**Extracted entries:**
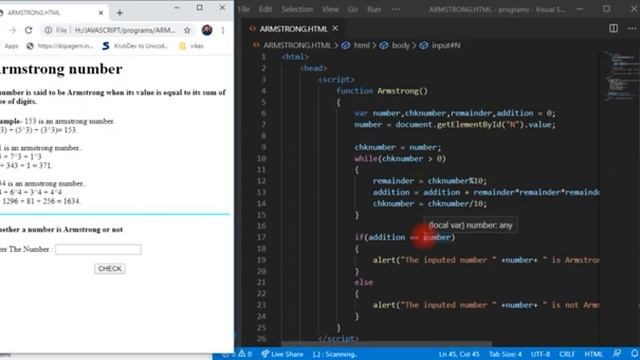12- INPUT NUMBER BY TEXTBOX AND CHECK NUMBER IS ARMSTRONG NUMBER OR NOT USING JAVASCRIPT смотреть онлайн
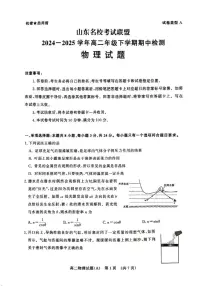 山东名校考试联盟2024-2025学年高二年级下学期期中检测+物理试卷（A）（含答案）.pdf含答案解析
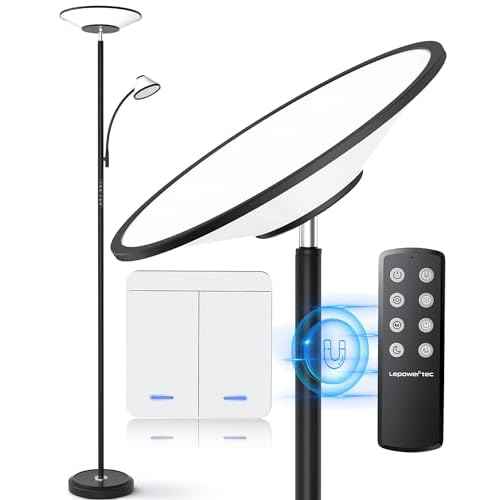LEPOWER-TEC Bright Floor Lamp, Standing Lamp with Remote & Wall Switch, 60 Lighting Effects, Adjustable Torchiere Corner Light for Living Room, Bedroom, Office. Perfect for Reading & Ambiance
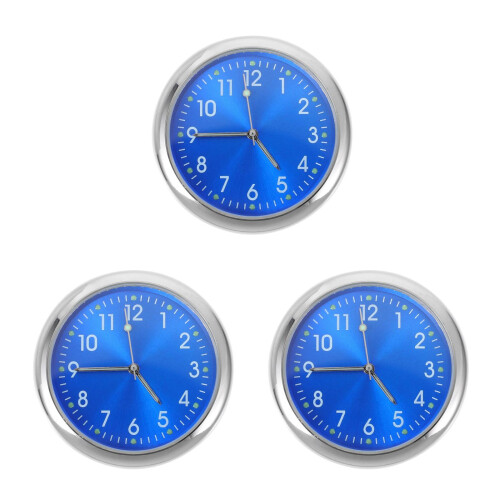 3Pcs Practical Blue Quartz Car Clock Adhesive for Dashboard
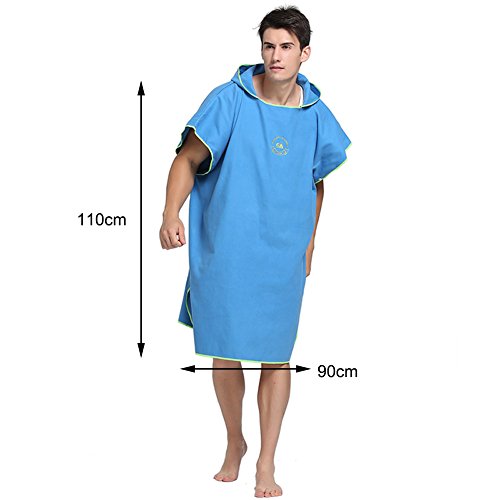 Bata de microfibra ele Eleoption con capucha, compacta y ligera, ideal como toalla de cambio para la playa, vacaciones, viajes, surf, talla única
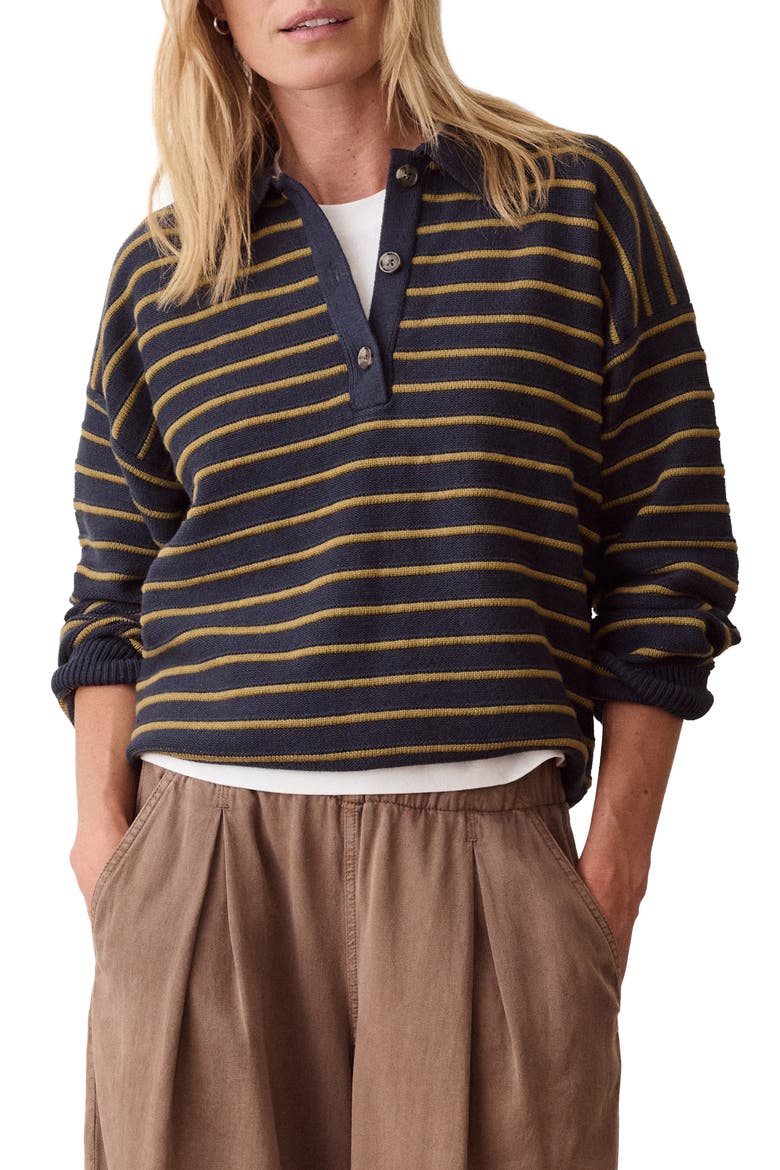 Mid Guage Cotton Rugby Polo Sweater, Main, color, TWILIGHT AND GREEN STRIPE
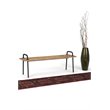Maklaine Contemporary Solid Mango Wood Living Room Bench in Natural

* * *

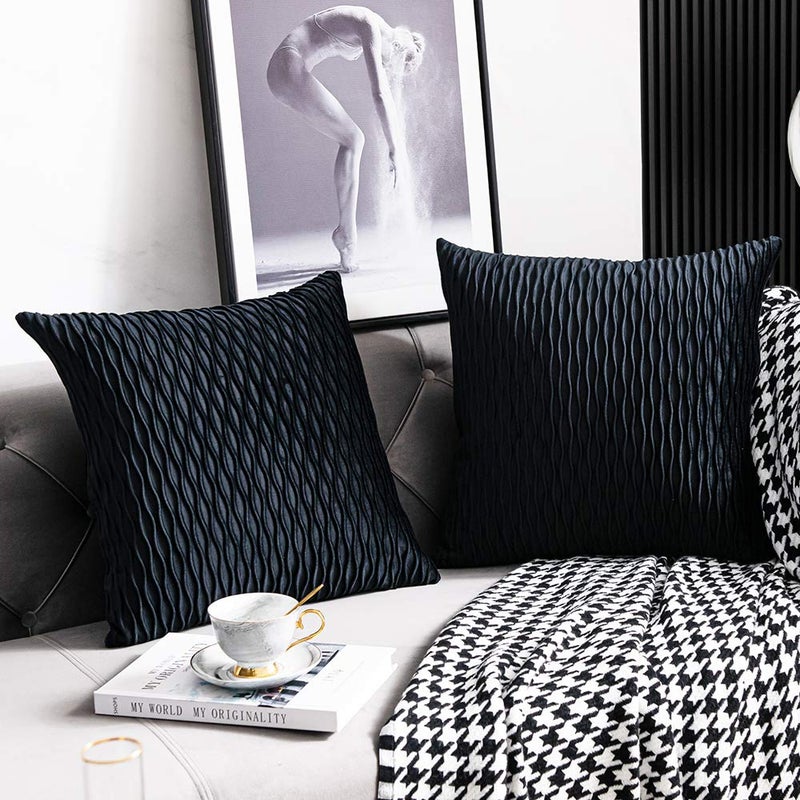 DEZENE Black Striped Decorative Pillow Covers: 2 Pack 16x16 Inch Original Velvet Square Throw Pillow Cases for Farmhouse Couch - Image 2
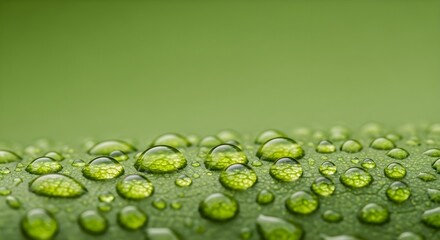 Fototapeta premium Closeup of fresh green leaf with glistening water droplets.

**How to complete this task:** From the records above, copy exactly the lines starting at the one with "LEPOWER-TEC Bright Floor" and ending at the one with "3Pcs Practical Blue", and no others. Pictures stay out.

**Answer box:**
LEPOWER-TEC Bright Floor Lamp, Standing Lamp with Remote & Wall Switch, 60 Lighting Effects, Adjustable Torchiere Corner Light for Living Room, Bedroom, Office. Perfect for Reading & Ambiance
 3Pcs Practical Blue Quartz Car Clock Adhesive for Dashboard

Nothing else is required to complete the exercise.